Real-time priority for Ollama

Setting up Ollama on Linux is straightforward if you don't need GPU acceleration, but the underlying llama.cpp engine is very sensitive to competition from background processes, running as much as 2x slower. I run CPU-hogging background processes all the time, so I invested the necessary effort into testing Ollama with real-time priority. This will use Podman here instead of Docker, because I am on Fedora.

Obviously, the first thing I tried is to deprioritize the background process by placing it in a cgroup with low CPU share. This however does not work. The above mentioned 2x slowdown of Ollama was measured when the background process was already limited to 10% share of CPU.

The most likely cause of the slowdown is that the background process interferes with scheduling of llama.cpp's threads, which causes some thread to fall behind and then the other threads are left idling while they wait for the affected thread to catch up.

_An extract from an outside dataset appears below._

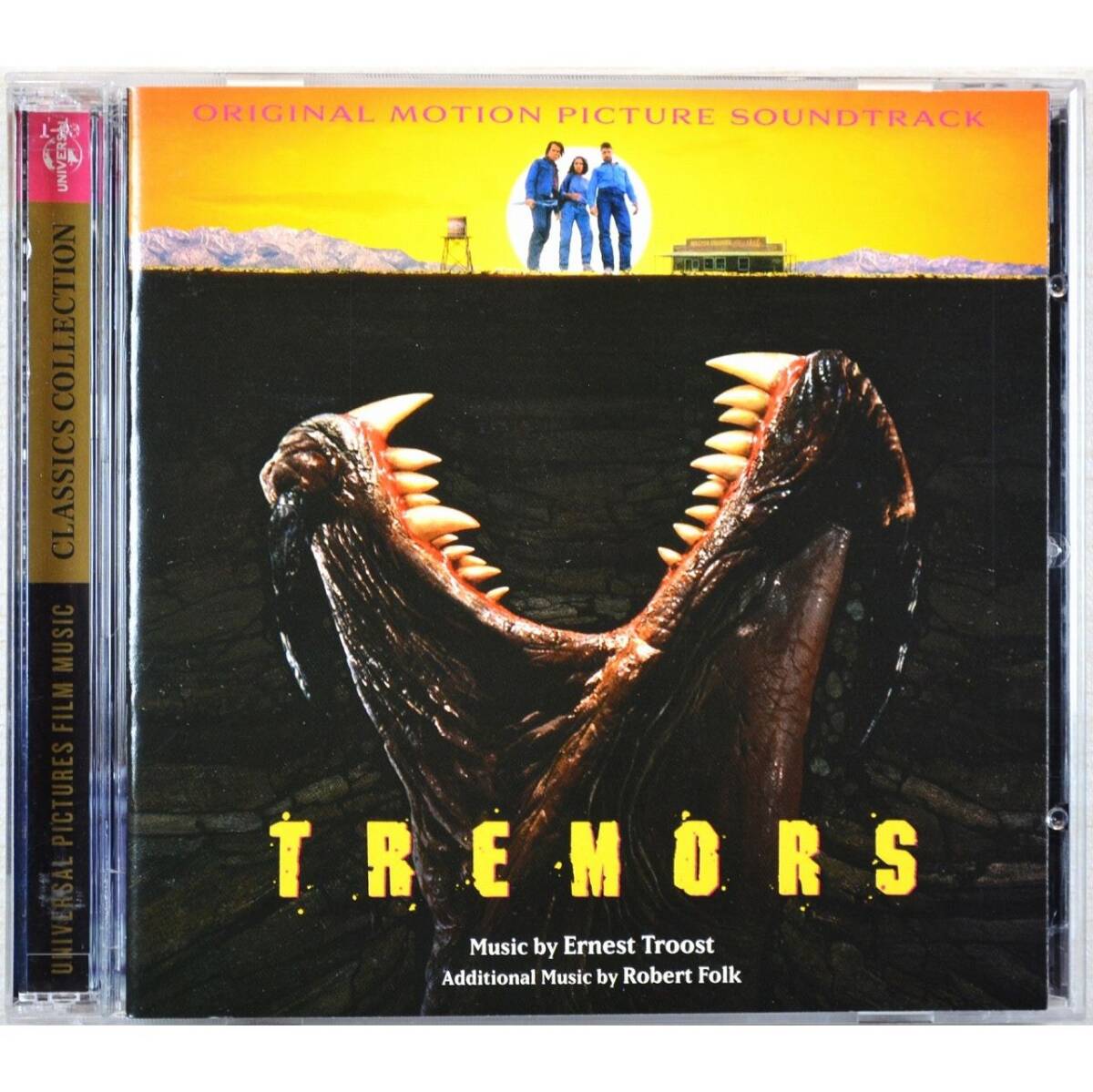 【全世界3000枚完全限定2CD】トレマーズ オリジナル・サウンドトラック ◇ ケビン・ベーコン ◇ アーネスト・トゥルースト ◇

This is hard to fix purely within llama.cpp code, at least for transformer architecture, which requires the implementation to repeatedly parallelize small chunks of work, syncing threads after every chunk.

To fix this on system level, we can tinker with scheduler configuration, specifically with real-time priorities. Let's modify the default setup of Ollama to run with real-time priority:

sudo podman run -d \
    --name ollama \
    --replace \
    --pull=always \
    --restart=always \
    --stop-signal=SIGKILL \
    -p 127.0.0.1:11434:11434 \
    -v ollama:/root/.ollama \
    -e OLLAMA_MAX_LOADED_MODELS=1 \
    -e OLLAMA_NUM_PARALLEL=1 \
    --cap-add=SYS_NICE \
    --entrypoint=/bin/sh \
    docker.io/ollama/ollama \
    -c chrt 1 /bin/ollama serve
sudo systemctl enable podman-restart

Rootless Podman ignores SYS_NICE, so run with sudo. I tried both round-robin scheduler (chrt default) and FIFO scheduler, but I don't see any difference. Interestingly, real-time schedulers are 10-20% slower than default scheduler on an unloaded system, probably because default scheduler is a bit smarter about evenly spreading load over all cores. But the massive boost under load is worth it. With real-time priority, Ollama performs almost as well as it does on an unloaded system. System remains stable, because I have CPU with hyperthreading, which Ollama does not use, so apparent CPU usage is only 50% and the system can schedule other prosesses freely. I nevertheless noticed significant interference with other real-time processes, notably audio playback. Be warned that without hyperthreading, Ollama with real-time priority will probably crash the system.